I wouldn’t go so far as to call it “plain dumb.” I do try to avoid it myself, because there are better ways to express the same idea. Logically, the disjunctive includes the conjunctive, so or has the same meaning as and/or. If you’re dealing with an illogical situation where or means one or the other, but not both, then write “A or B, but not both.” If you want to make it crystal clear that your situation conforms to normal logic, write “A or B, or both.” See Garner’s Modern American Usage 45 (Oxford 2003).

This hybrid term has been referred to as “that befuddling, nameless thing, that Janus-faced monstrosity, neither word nor phrase, the child of a brain of someone too lazy or too dull to express his precise meaning, or too dull to know what he did mean.”
--Bryan A Garner, A Dictionary of Modern Legal Usage
Posted by: Rao H D | 31 January 2010 at 05:43 AM
Okay, you've given me the solution to the conundrum I asked about on your other blog: what if you have no confidence the reader will construe the disjunctive to include the conjunctive too. From now on, it's "A, B, or both" for me. (And isn't that an even more concise way to do it?)

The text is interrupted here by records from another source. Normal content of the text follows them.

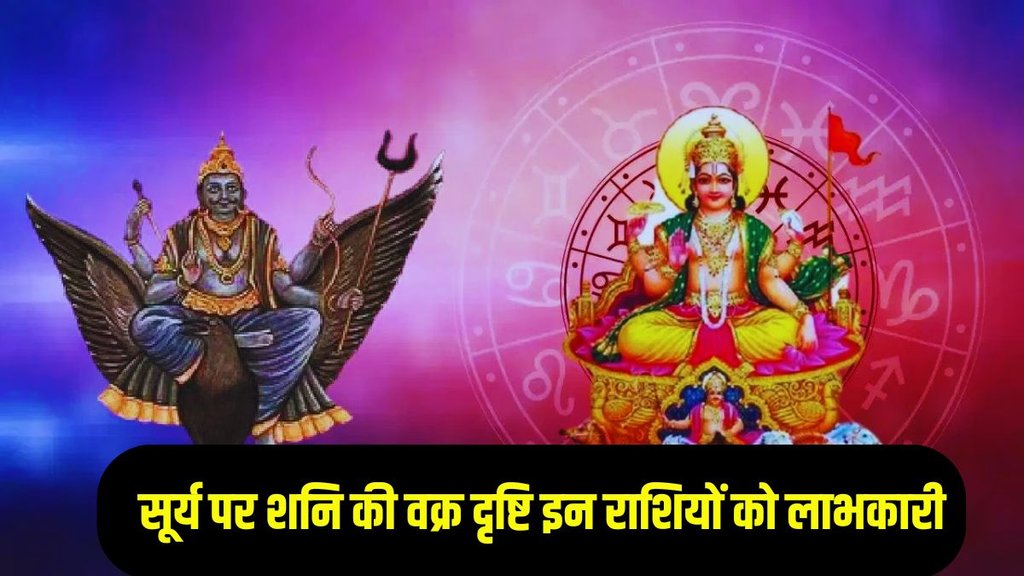 Surya Gochar 2025, Surya Gochar In Vrash Rashi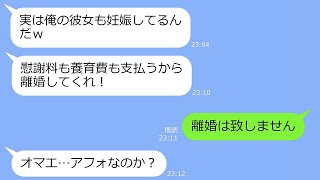 【LINE】単身赴任中に浮気をしていた夫→「彼女が妊娠したから離婚しろ」私「離婚は致しませんｗ」復讐の為に婚姻関係を続けた結果ｗ【総集編】【スカッと】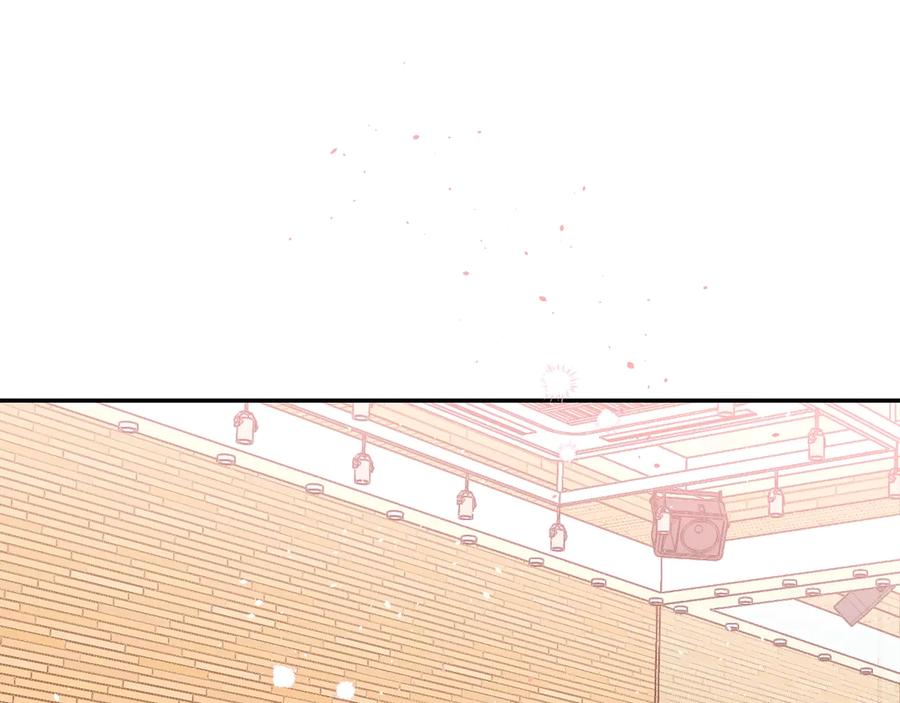 《别离我太近》第三季第10话 向他撒娇 第39页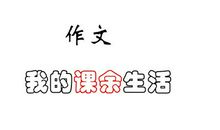 我的课余生活——跳绳_650字
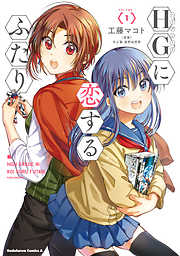 【期間限定無料】HGに恋するふたり(1)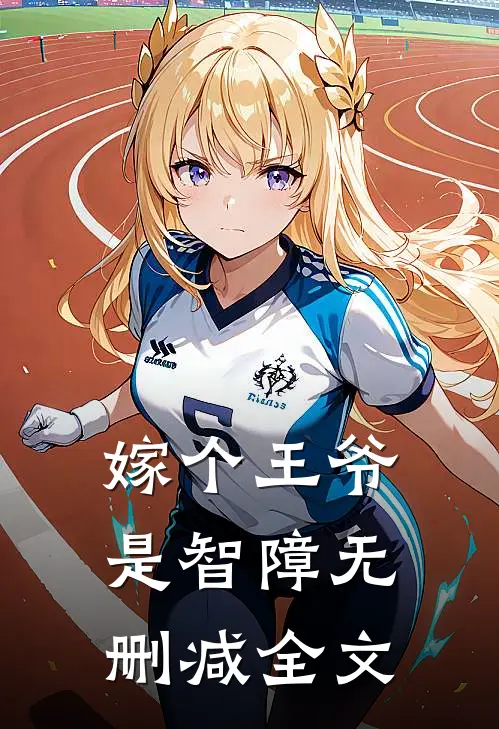 嫁个王爷是智障无删减全文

Posted by: peter | 02 February 2010 at 10:26 AM
Does the English "or" include conjunction, like the "or" of mathematical logic? Linguist Geoffrey K. Pullum agrees with your affirmative answer. I think the question is itself interesting, although it has only slight practical significance, and I disagree with you and Pullum in "The best that can be said for ‘and/or’: It isn't necessarily stupid." (http://tinyurl.com/yb6nh4b)
Posted by: Stephen R. Diamond | 05 February 2010 at 06:22 PM
I agree with Peter. Part of being a good writer is interpreting ways in which your reader might misunderstand you. You can't assume that your reader is a logic whiz.